February 2011
Is Sandy Bridge a Bridge too far?
By Rick Smith
rants@vcmail.net
For those of you Library buffs "A Bridge Too Far" was a book written in 1974 by Cornelius Ryan and turned into an epic 1977 war film by the Levine brothers and directed by Richard Attenbourgh. The name for the film comes from an unconfirmed comment made by British Lt. Gen. Frederick Browning, deputy commander of the First Allied Airborne Army, who told Field Marshal Bernard Montgomery, the operation's architect, before the operation, "I think we may be going a bridge too far."
This has now turned into a cliché for "biting off more than you can chew." It seems that that you could say this about Intel Corp. these days but is that what really happened? I'll try to explain in my own immutable style. Intel just released its new series of processors and motherboards. The processors are an improved version of its i3, i5 and i7 line with new features such as better imbedded graphics and unlocked cores for easy overclocking. I will save analysis of that for another day. Their motherboards were code named SANDY BRIDGE. They featured the new SATA 3.0 with a 6GPbs and USB 3.0. They also, of course, changed the socket to LGA1155, which means new CPUs for all. Intel announced that it has identified a bug in the 6-series chipsets SATA controller.
Intel states that "In some cases, the Serial-ATA (SATA) ports within the chipsets may degrade over time, potentially impacting the performance or functionality of SATA linked devices such as hard disk drives and DVD-drives." This is a hardware issue and requires a replacement board if you already have one. This cannot be fixed by a patch or firmware update. It is also only confined to the SATA II ports.

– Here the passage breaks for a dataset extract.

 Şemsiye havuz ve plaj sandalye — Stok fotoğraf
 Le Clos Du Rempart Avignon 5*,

The motherboard has four SATA II ports and two SATA III ports, which remain unaffected by the problem. Intel has already ordered a complete recall of the affected boards and will begin shipping the fixed version of the chipset in late February. The recall will reduce Intel's revenue by around $300 million and cost around $700 million to completely repair and replace affected systems. Ouch! Here's how everything has come about.
Intel has been testing its 6-series chipset for months now. The chipset passed all of its internal qualification tests as well as all of the OEM qualification tests. These are the same tests that all Intel chipsets must go through, testing things like functionality, reliability and behavior at various conditions (high temps, load temps, high voltage, low voltage, etc. ...). The chipset made it through all of these tests just fine.

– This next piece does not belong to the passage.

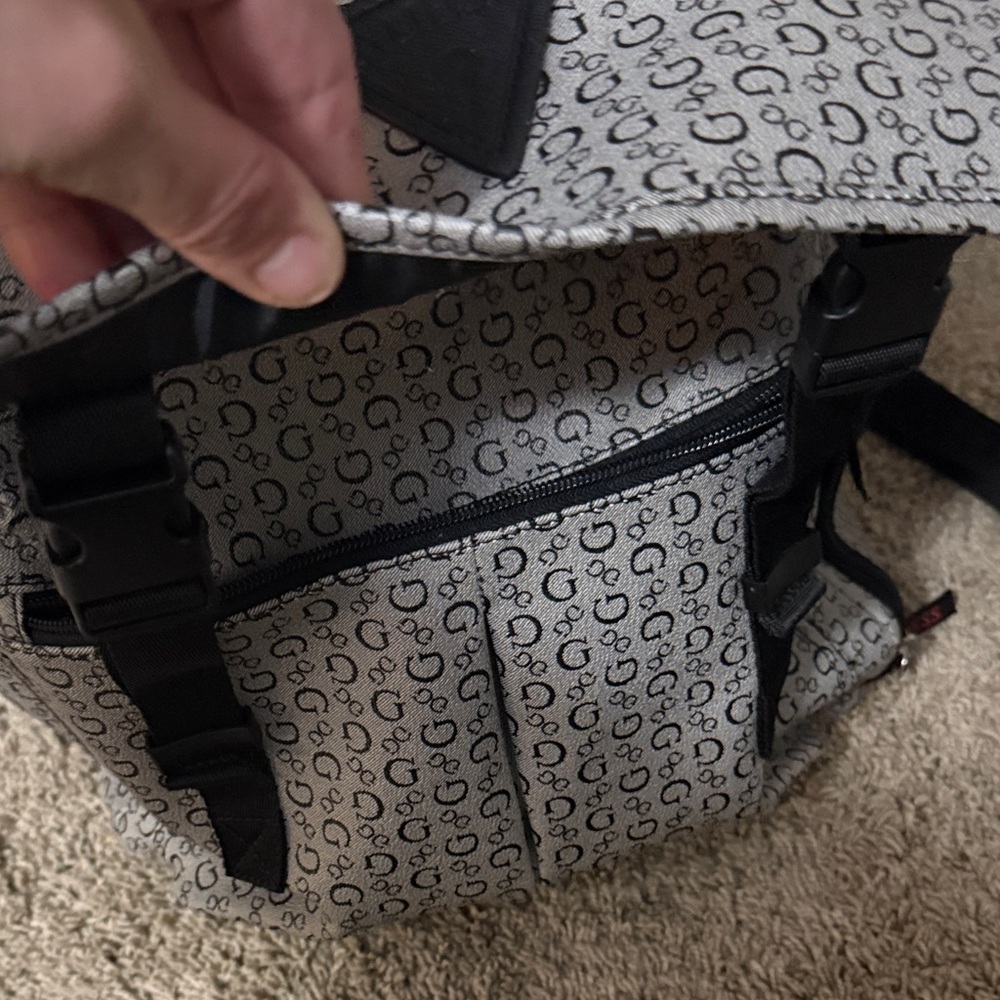 Stylish Gray Guess Backpack - Picture 6 of 10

There are two general types of problems you run into in chip manufacturing. The first is an engineering oversight: functional problems that will cause a failure during your validation tests. The second type of problem is more annoying, it's a bug of a statistical nature. In these situations, the problem doesn't appear on every chip in every situation, but on every nth chip out of every x chips. When a bug doesn't present itself in small quantities, it's very difficult to track down. This is the nature of the 6-series chipset bug, and it's also why the problem didn't appear sooner. Intel mentioned that after it had built over 100,000 chipsets it started to get some complaints from its customers about failures. Recently Intel duplicated and confirmed the failure. Intel decided to recall all boards, and it halted production of its 6-series chipsets.

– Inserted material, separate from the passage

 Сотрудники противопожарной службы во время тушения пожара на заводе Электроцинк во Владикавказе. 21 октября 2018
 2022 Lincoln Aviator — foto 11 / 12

Recalls are costly and cost you sales if you don't have replacement products readily available. Then, of course, you pay a price in handling the job of doing it. Just go ask Toyota, if you know what I mean. It's estimated that Intel will lose a billion dollars due to this. That's the big B, folks. And you thought only Congress threw that kind of money around. I would have loved to be a fly on the wall in the engineering department when they figured this thing out and said "Oh S#^@, we're in for a lot of trouble!" So what is it that really happens in laymen's terms? Intel says you'd see an increase in bit error rates on a SATA link over time. Transfers will retry if there is an error but eventually, if the error rate is high enough, you'll see reduced performance as the controller spends more time retrying than it does sending actual data.
Ultimately you could see a full disconnect — your SATA drive(s) would no longer be visible at POST or you'd see a drive letter disappear in Windows. Intel said that it hasn't been made aware of a single failure seen by end users. Intel expects that over three years of use it would see a failure rate of approximately 5 percent to 15 percent, depending on usage model. Remember, this problem isn't a functional issue but rather one of those nasty statistical issues, so by nature it should take time to show up in large numbers (at the same time there should still be some very isolated incidents of failure early on).
Needless to say, Intel wasted no time getting the word out to its vendors, such as yours truly, with the bad news. I had just cleared out my entire inventory and was ready to start stocking the new product so fortunately I had none of the affected product in stock. So I'll keep selling what I've been selling (as long as there is product available). Oh, well. At least I could always get a job at Intel thinking up new names for its products. I mean, really, doesn't Pentium sound like toothpaste. And all of Intel's previous code names for projects sound like Civil War battlefields: Nehalem, Bloomfield, Lynnfield, Clarkdale and the list goes on. So, how's about this instead? Jackknife, Upendbend, Soggybottom, Rumpelstilskin, Emptynest and so on. So, did Intel extend itself by putting something on the market too soon? You be the judge. I think it's good to know nobody's "too big to fail."